The Cost of Action in Iraq

A Commentary by Lee H. Hamilton

Feb 21, 2003

The United States has presented its case against Saddam Hussein to the American people and the international community, and barring a drastic turn of events war in Iraq appears likely, even imminent. But while President Bush has made his case based on the potential costs of inaction in Iraq, he has not yet laid out the prospective cost and risks of action.

It is clear that Iraq is not complying with Resolution 1441. Iraq has not provided evidence of disarmament or accounted for vast stocks of chemical and biological agents. Iraq’s regime has obstructed inspections and hid weapons of mass destruction, while maintaining troubling relations with some terrorist elements. Given Saddam Hussein’s past behavior, these revelations present a clear – though not necessarily imminent – threat to American national security; continuing inspections that don’t work would enable this threat to grow, while undermining the credibility of the U.S. and the U.N, and the stability of the region.

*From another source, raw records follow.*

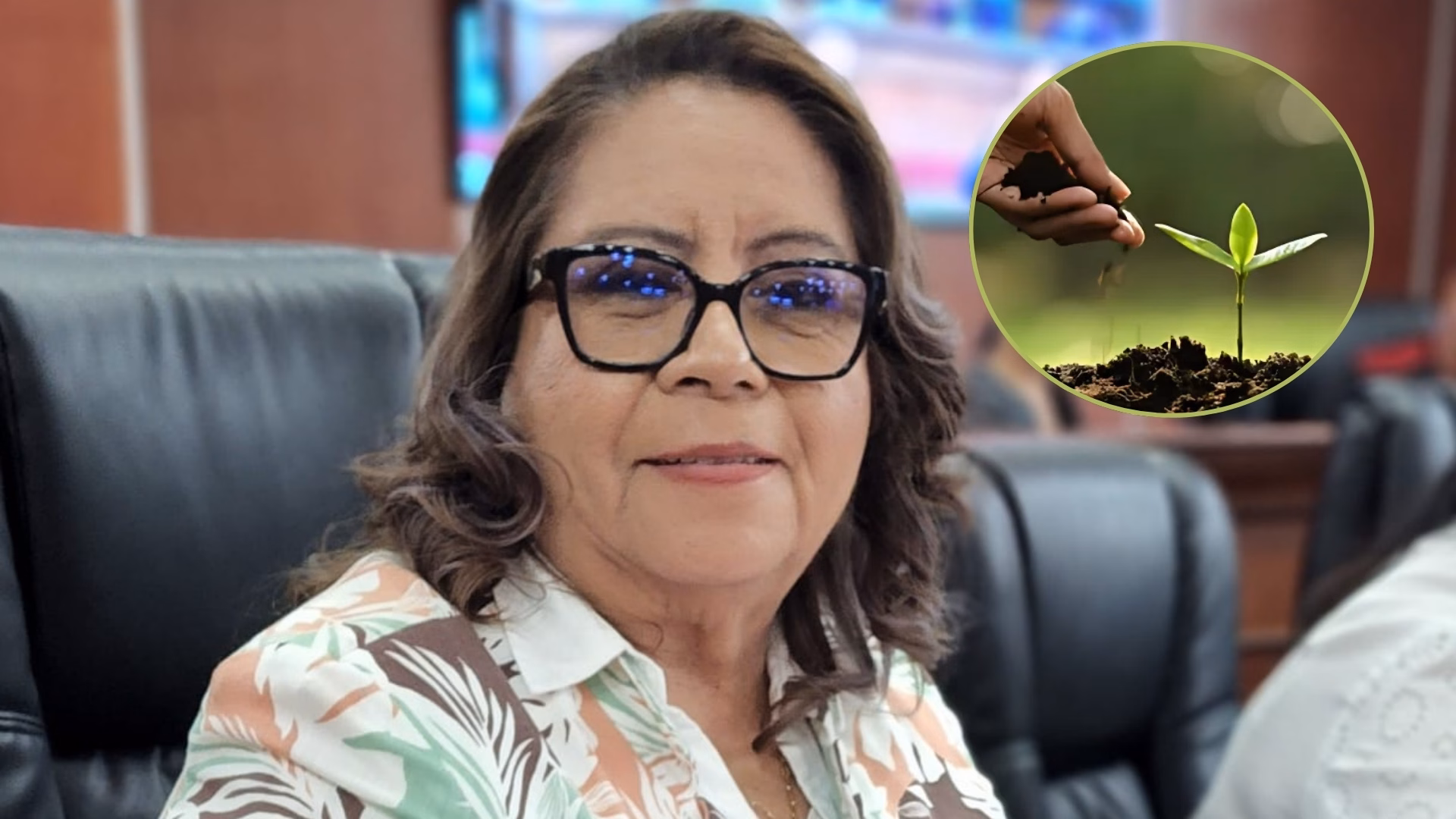 Articulo - Diputada logra aprobar aumento de penas por daños a áreas protegidas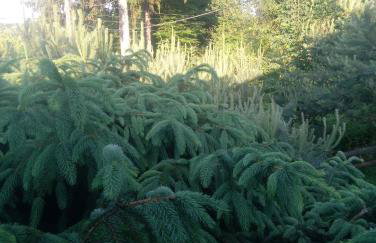 Apartament z ogrodem - Wiejska Chata - Foto 14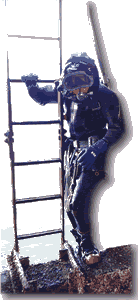 Diver with ladder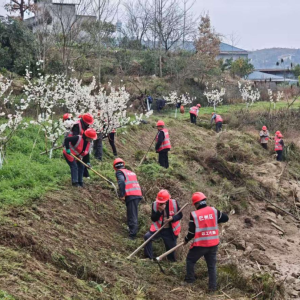 巴中以工代赈节后复工“加速度”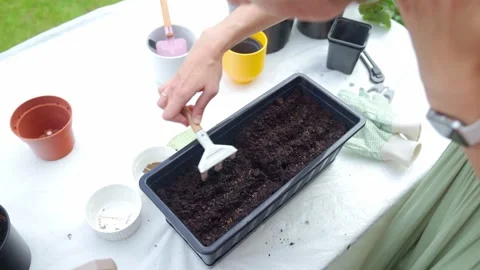 Woman uses hand rake on dark soil with scattered seeds in planter box Stock Footage 337657867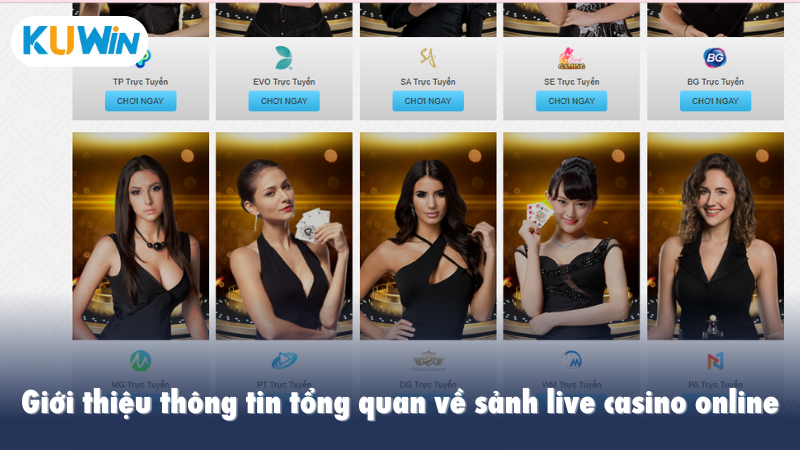 Giới thiệu thông tin tổng quan về sảnh live casino online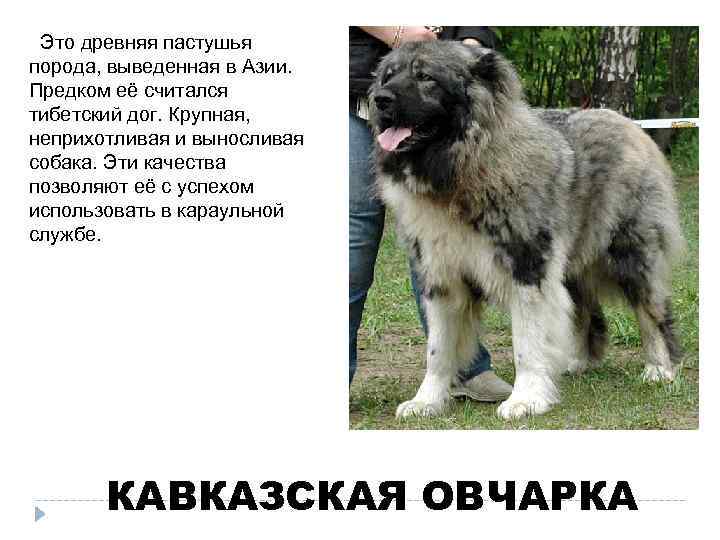  Это древняя пастушья порода, выведенная в Азии. Предком её считался тибетский дог. Крупная,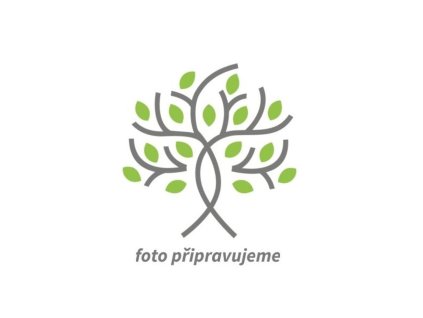 Jabloň 'Parówki'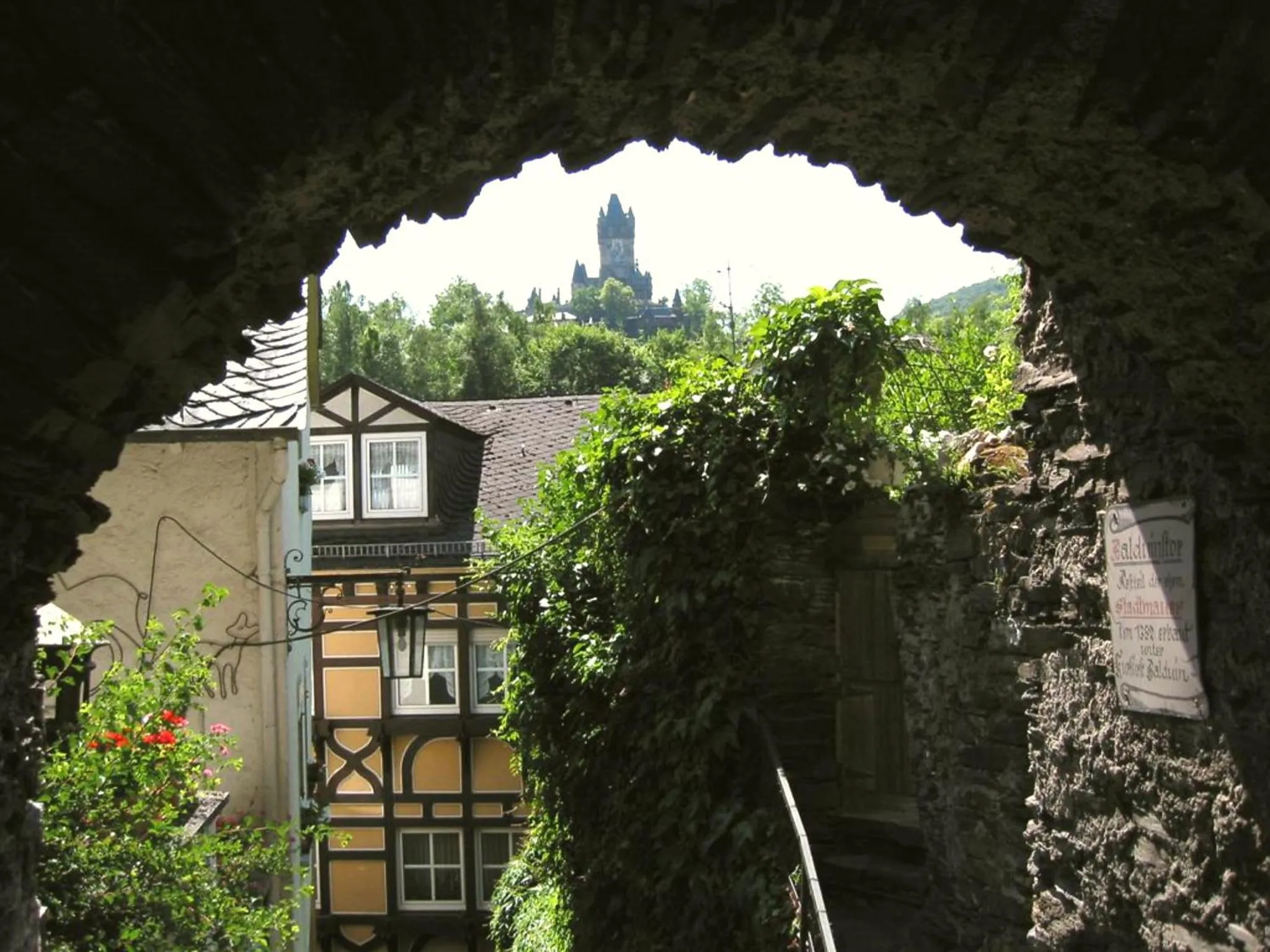Area and facilities in Appartement Moselblick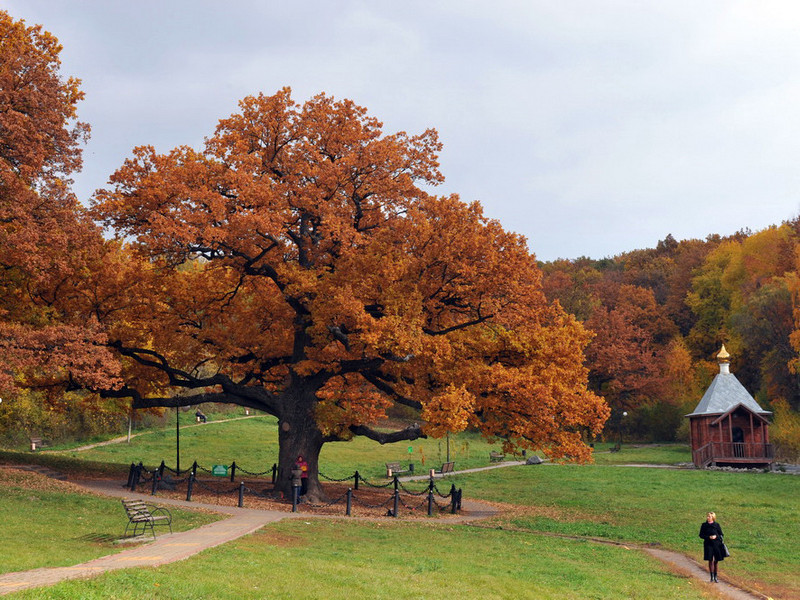 Белгородский дуб стал третьим деревом Европы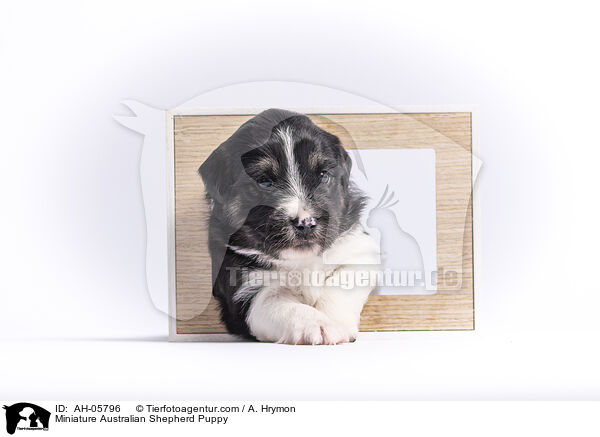 Miniature Australian Shepherd Welpe / Miniature Australian Shepherd Puppy / AH-05796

But if the costs of inaction are too much for us to bear, what are the costs of action? With growing deficits and pending tax cuts, we need to have a clear plan for how to pay for this war and the costs of a potential occupation. The real economic question is long-term: how will the international and American economy be affected by unstable oil prices and large spending increases on national security and homeland defense?

The devastation of a potential war has also not been addressed. A desperate Saddam Hussein could use a scorched earth policy that includes attacks on Israel, the Kurds and other internal opposition. The worst-case scenario is that he is able to use chemical and biological weapons to inflict severe casualties on civilians or American troops. The Iraqi army may also be positioned in heavily populated areas, inviting civilian casualties from U.S. strikes. The American people have simply not been prepared for the possibility of substantial U.S. casualties or civilian deaths in a war that may involve chemical and biological weaponry.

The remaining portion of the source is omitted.